Free speech or sexual services: Will Ashley Madison get to build its brand on TV, radio?

Issue set to go to High Court on August 3.

Ashley Madison online advertisement (photo credit: screenshot)
Ashley Madison online advertisement
(photo credit: screenshot)
Should a website that facilitates affairs for married people be allowed to advertise on television and radio or does this constitute the soliciting of sexual services?
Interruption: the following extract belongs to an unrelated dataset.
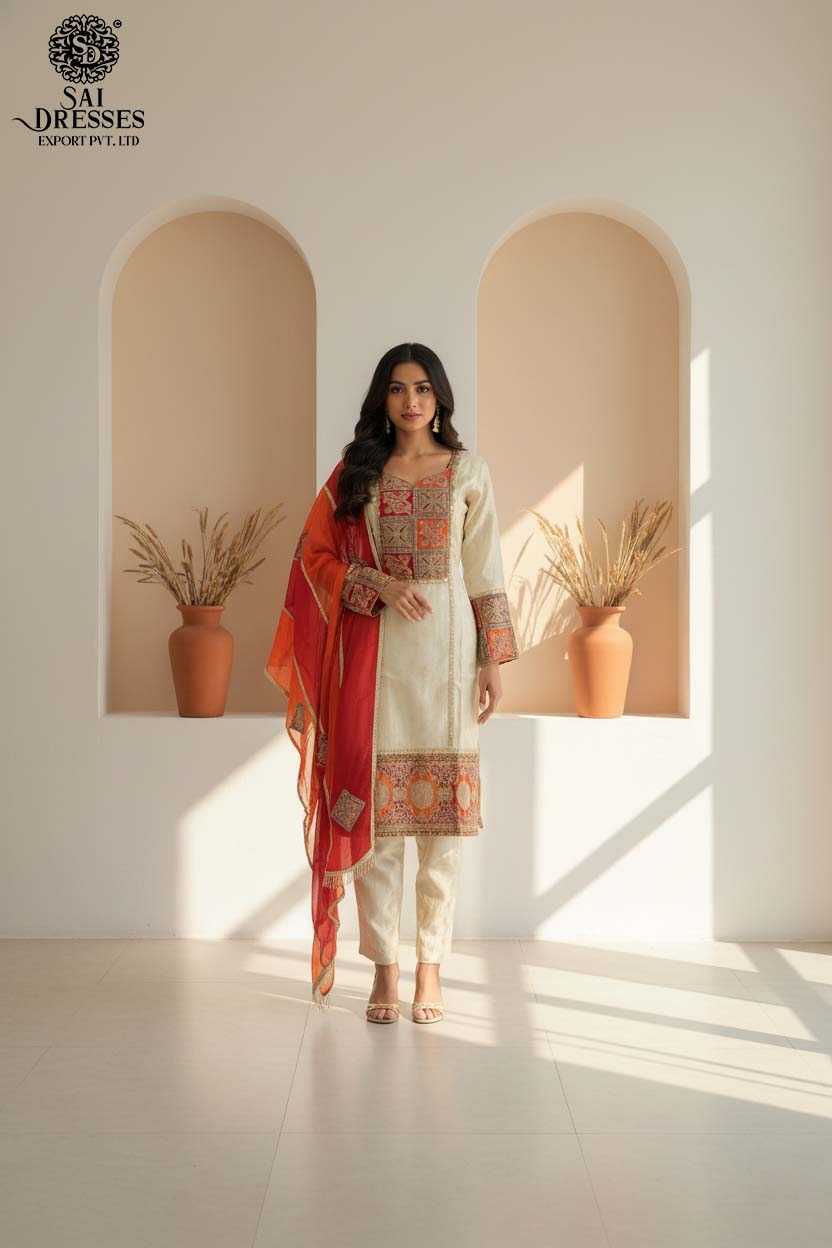 LUXURY VISCOSE JACQUARD SHIMMER ETHNIC WEAR WITH RICH HEAVY POSITION PRINT DETAILING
The High Court of Justice is scheduled to deal with the issue on August 3, when it hears a petition filed by AshleyMadison.
com, a website that provides the above service.
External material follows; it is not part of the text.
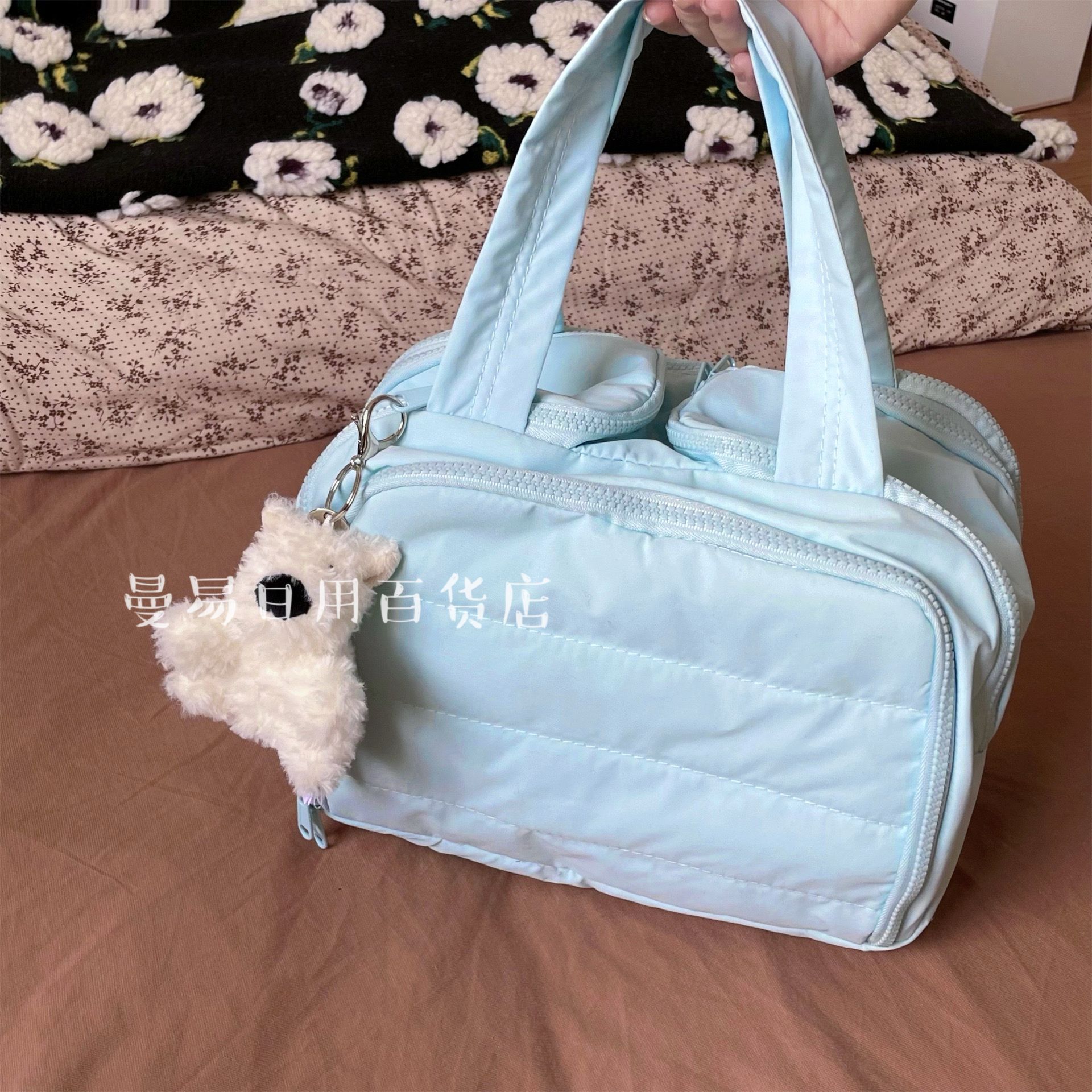 Cross-border puff handbag makeup bag, large-capacity multifunctional storage bag, high-appearance travel portable toiletry bag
The company filed the petition May 21 after the Second Authority for Television and Radio blocked its television and radio commercials, saying they would violate a rule prohibiting advertising for “sex services.”
The hearing is expected to raise issues about the balance between free speech and what moral lines the state can enforce in broadcasting.
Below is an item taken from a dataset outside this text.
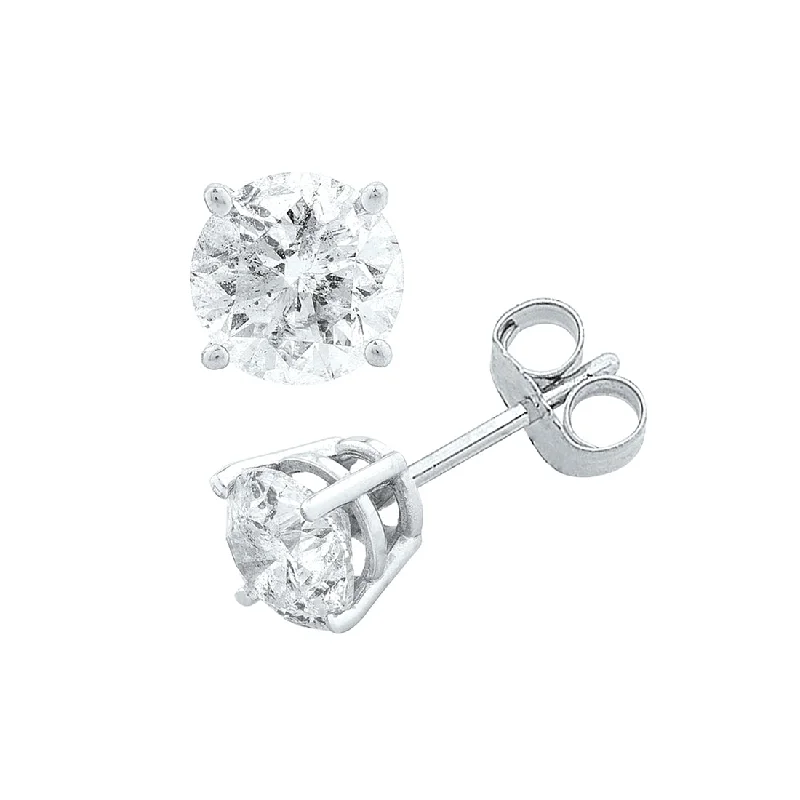 silver stud earrings for women -9ct White Gold 0.20ct Diamond Stud Earrings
Ashley Madison CEO Noel Biderman says that his success in registering some 35 million active members worldwide and 320,000 in Israel since it launched in the country in May 2014 will speak for itself and win over the justices, even if they are initially skeptical.
The petition lays out the claim that in past court cases, commercials containing sexual innuendos and expressions have been approved for broadcast, whereas Ashley- Madison’s commercial does not contain sexual innuendos and was banned.
It also attacks the Second Authority for “moving the goalposts,” saying that it first approved AshleyMadison’s broadcast as long as there were changes in the wording, and only later placed a blanket prohibition on its advertising.
The petition claims that the regulator can at most require these word changes and limit the hours when the commercials can run to late at night.
Biderman expressed confidence regarding what he calls the company’s “40 for 40” record of successfully overcoming regulatory restrictions in any country it has seriously targeted since it opened for business in 2001.
The actual figure should be “40 for 41,” since Ashley- Madison’s site was blocked in Singapore.
Biderman says his broadcasts were blocked temporarily or involved in intense negotiations at some point in Canada, England, France, the US, Australia and Brazil, but that in every case the company overcame the obstacles put in its way.
He says “regulators like to test your mettle to see how serious you are, but when we return fire and note they have 13 complaints and we signed up” tens of thousands of people, they have to admit this is “something their society desires.”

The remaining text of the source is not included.